1.2.3 - Early Numeration

1.2.3

Early Numeration

"The Ancient world rarely had need or employed the use of numbers larger than a million"

-- Sbiis Saibian

Previous article: 1.2.1 - Carving the Notch : Dawn of Mathematics

EGYPTIAN NUMBER GLYPHS

The Egyptians had a remarkably straight forward way of notating numbers that is easy for the modern person to understand. They had special "glyphs" (symbols) assigned exclusively for the purpose of numbers.

The Egyptians used a total of 7 glyphs for their notation ...

A Number was simply written out by writing a string of such symbols in succession.

The first glyph , a simple line , represented a single tally mark ...

The second glyph , a bow , represented "ten" tally marks ...

The third glyph , a curly staff , represented ten bows ...

The fourth glyph , a lotus plant , represented ten curly staffs ...

The fifth glyph , a bent finger , represented ten lotus plants ...

The sixth glyph , a falcon , represented ten bent fingers ...

and the seventh glyph , a man with arms raised in astonishment , represented ten falcons or a great multitude ...

In other words, the symbols represented the denominations of ones, tens, hundreds, thousands, ten thousands , hundred thousands , and millions.

In order to represent any number, one would simply write out the symbols whose sum was the appropriate number. The symbols were usually written in descending order starting with the largest from left to right. It was also intended that the least number of glyphs be used in a representation, so one would never actually write out 10 of any single type of glyph, because it could always be replaced by one copy of the next higher glyph.
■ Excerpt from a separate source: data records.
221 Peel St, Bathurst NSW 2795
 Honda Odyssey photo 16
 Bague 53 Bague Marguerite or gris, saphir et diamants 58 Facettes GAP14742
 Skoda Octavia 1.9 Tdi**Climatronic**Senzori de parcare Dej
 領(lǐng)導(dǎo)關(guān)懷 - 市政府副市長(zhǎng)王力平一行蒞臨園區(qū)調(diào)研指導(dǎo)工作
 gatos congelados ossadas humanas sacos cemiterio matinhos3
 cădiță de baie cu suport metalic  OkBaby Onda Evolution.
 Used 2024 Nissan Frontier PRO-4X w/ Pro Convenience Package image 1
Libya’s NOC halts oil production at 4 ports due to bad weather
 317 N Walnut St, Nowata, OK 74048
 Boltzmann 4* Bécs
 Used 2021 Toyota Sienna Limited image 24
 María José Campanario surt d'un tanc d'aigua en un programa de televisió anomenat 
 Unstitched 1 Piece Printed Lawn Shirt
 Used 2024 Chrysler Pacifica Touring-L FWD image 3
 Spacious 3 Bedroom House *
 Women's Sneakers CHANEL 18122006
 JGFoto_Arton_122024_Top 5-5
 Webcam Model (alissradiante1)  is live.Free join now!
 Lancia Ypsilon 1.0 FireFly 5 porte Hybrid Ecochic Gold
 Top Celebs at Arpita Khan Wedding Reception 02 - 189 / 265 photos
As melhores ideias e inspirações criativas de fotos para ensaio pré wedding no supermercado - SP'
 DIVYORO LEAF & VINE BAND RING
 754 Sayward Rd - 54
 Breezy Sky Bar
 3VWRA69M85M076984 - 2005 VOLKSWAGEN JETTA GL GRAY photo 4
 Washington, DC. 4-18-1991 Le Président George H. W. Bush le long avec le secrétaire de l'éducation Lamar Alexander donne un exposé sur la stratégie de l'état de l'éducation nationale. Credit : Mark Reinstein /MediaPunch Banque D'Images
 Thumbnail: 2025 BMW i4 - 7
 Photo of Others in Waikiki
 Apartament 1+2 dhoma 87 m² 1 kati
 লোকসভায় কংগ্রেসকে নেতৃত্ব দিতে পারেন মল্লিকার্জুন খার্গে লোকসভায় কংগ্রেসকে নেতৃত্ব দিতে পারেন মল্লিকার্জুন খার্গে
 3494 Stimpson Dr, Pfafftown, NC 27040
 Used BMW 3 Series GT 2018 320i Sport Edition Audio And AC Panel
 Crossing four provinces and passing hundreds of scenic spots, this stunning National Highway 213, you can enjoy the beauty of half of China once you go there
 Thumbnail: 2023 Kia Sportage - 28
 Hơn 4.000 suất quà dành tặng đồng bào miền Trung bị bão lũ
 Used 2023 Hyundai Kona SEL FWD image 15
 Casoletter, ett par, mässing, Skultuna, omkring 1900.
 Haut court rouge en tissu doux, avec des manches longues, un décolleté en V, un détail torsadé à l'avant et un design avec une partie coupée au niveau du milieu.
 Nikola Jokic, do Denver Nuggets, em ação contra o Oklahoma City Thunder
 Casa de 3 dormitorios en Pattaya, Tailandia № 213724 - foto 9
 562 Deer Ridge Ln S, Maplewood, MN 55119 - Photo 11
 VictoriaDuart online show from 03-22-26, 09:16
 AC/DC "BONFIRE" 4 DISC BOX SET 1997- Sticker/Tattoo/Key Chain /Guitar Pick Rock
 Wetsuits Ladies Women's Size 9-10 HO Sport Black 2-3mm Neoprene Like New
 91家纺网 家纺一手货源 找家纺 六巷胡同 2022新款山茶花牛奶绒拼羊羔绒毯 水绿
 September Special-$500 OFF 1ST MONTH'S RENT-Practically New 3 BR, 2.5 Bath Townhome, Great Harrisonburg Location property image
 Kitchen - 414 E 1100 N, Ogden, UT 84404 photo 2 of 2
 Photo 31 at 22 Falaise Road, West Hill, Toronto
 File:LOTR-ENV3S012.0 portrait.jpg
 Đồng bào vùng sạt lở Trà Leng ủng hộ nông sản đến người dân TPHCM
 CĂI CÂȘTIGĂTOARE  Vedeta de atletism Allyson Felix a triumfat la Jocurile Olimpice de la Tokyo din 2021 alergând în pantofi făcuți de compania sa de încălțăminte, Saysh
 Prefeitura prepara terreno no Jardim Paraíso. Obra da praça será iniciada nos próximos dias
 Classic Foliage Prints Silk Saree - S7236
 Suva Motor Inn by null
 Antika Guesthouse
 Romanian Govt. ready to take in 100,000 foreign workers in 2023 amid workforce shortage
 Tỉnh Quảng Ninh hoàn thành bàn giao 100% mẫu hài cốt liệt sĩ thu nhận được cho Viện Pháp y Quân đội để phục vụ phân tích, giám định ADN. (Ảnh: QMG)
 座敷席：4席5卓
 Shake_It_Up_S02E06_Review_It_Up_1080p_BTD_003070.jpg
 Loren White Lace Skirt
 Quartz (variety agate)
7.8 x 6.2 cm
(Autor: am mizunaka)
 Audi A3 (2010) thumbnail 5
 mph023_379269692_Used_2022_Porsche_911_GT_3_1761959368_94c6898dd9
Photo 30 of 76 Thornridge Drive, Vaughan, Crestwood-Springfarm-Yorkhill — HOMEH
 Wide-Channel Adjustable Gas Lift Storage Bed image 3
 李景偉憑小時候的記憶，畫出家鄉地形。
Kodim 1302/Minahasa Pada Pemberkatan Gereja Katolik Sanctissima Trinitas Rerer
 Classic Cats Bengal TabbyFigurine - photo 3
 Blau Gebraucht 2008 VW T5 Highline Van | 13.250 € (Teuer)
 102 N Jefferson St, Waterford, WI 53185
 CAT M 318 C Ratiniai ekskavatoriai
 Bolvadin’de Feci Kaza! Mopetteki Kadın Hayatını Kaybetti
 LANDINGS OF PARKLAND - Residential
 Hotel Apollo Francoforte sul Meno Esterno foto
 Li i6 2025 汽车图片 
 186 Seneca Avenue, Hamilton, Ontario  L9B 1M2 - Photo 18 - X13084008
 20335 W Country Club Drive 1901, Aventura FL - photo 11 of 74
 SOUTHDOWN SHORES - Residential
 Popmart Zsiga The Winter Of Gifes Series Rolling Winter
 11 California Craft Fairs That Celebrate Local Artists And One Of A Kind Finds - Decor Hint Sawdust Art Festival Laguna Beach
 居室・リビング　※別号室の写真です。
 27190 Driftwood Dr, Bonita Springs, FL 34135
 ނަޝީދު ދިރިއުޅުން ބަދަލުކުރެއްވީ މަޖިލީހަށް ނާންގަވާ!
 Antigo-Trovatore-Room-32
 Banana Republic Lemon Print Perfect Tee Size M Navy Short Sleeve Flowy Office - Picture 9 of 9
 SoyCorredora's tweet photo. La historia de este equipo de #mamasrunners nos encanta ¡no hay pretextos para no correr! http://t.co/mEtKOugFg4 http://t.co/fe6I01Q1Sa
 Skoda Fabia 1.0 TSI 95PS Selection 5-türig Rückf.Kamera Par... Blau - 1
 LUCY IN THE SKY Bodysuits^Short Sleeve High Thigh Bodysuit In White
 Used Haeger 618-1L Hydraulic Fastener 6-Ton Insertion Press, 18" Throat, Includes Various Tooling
For convenience, allow me to establish the following ascii form. Let "|" represent a tally mark, "n" represent a bow, "@" represent a curly staff, "<" represent a lotus, "i" represent a bent finger, "&" represent a falcon, and "V" represent a man with arms raised up in astonishment.

So for example, if an Egyptian scribe wanted to write out 523,406 he would have to write out ...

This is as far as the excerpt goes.